We used palmitic acid to challenge the 3D-hLMTs as a surrogate for high fat diet induced liver damage, and were able to demonstrate a robust fibrogenic and proinflammatory response in the microtissues. Palmitic acid induced significant apoptosis in the parenchymal cells and activated the stellate cells. Further activation of the TGFβ pathway is the cornerstone of a classical fibrotic response and PAI-1, a downstream target of the TGFβ pathway was increased significantly with palmitic acid in the microtissues. This led us to hypothesize that the fibrotic responses in the 3D-hLMTs with palmitic acid is due to the activation of the hepatic stellate cells and activation of the TGFβ pathway that led to increased synthesis of collagen 1 and collagen 3. In addition to increased expression of the collagen genes, there was a significant increase in the levels of P1NP and PIIINP indicating ongoing active synthesis of the collagens in the microtissues. We also observed that the collagen deposition in the tissue was reminiscent to that of bridging fibrosis, which is a much-advanced stage in the fibrotic process in patients with NASH. Moreover in the 3D-hLMT model we were able to capture multiple and robust cell type specific responses of liver damage and fibrosis, a response more akin to a damaged human liver that has many different types of cells and that are not possible to generate in mono or 2D culture systems. The responses were a combination of the effects on multiple cell types that are in contact to each other and were able to cascade the responses to injury caused by palmitic acid treatment.
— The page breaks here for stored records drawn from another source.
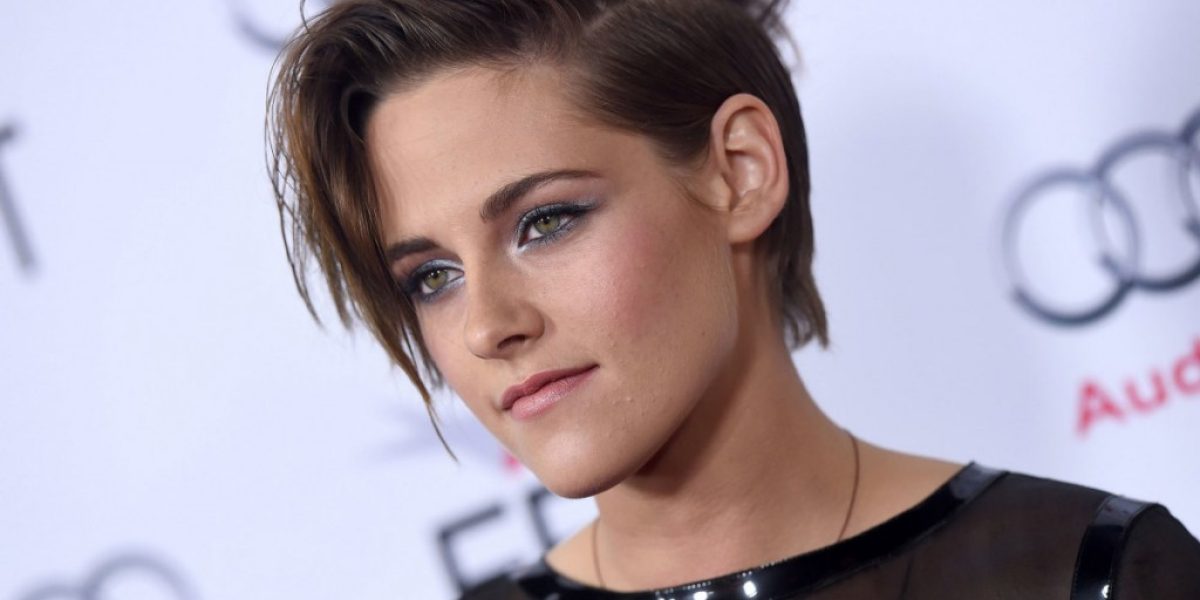 Brody-Kristen-Stewart-and-the-Movie-Actors-Dilemma-1200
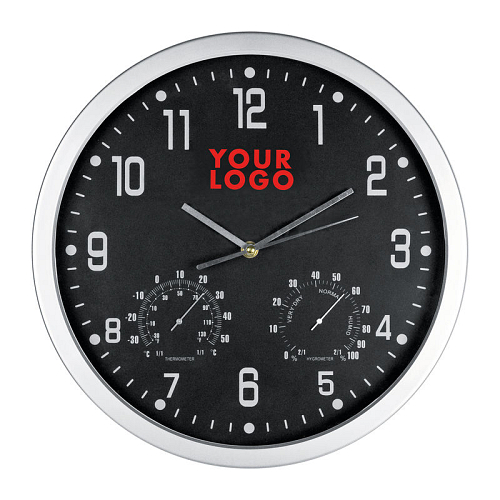 CrisMa wall clock 4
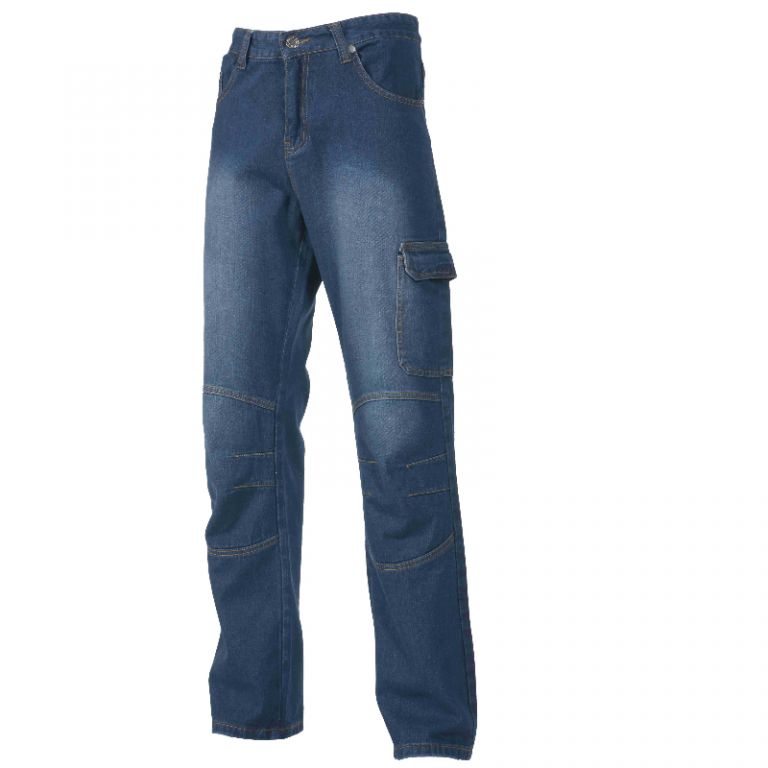 Work wear casual "Sprint" trousers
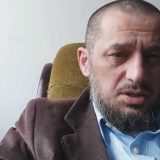Kritičar čečenske vlade Alijev pronađen mrtav u Francuskoj 1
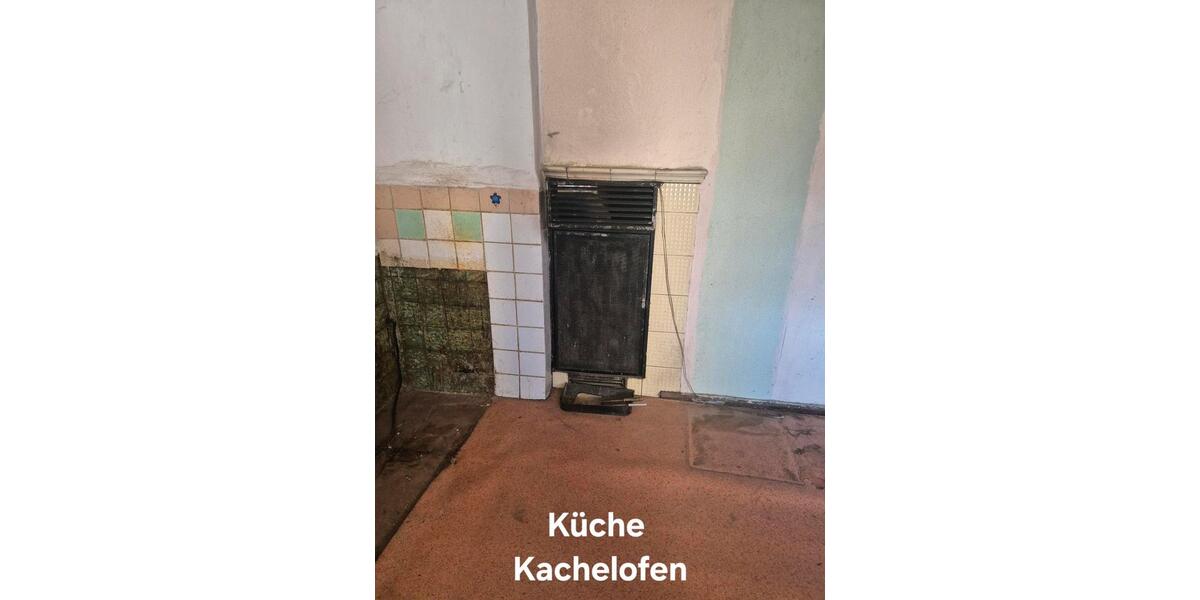 Doppelhaushälfte Egeln - 4.5 Zimmer, 110 m&sup2; | Angebot:26040450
Next, we further validated this fibrotic NASH model with GS-4997, an ASK-1 inhibitor compound in Phase 3 trials for the treatment of NASH. Using GS-4997 we were able to show that palmitic acid induced proinflammatory and fibrotic responses in the 3D-hLMTs were significantly decreased. GS-4997 decreased profibrotic gene expression and active synthesis of collagen 1 and 3. The reduction in collagen synthesis is likely to be due to the combined effect of GS-4997 on parenchymal hepatocytes and hepatic stellate cells. In hepatocytes, it decreases PA induced apoptosis thereby limiting further injury that would otherwise trigger inflammatory and profibrotic responses in chronic liver disease. In hepatic stellate cells GS-4997 decreased HSC activation implicating the involvement of the stress kinase pathways in that process. The inhibition of the TGFβ pathway, as demonstrated by the reduction of PAI-1 expression is also directly contributing to the reduction of collagen synthesis. If this effect is a direct effect on hepatic stellate cells or if TGFβ synthesis is inhibited in hepatocytes or Kupffer cells in this complex model remains to be investigated.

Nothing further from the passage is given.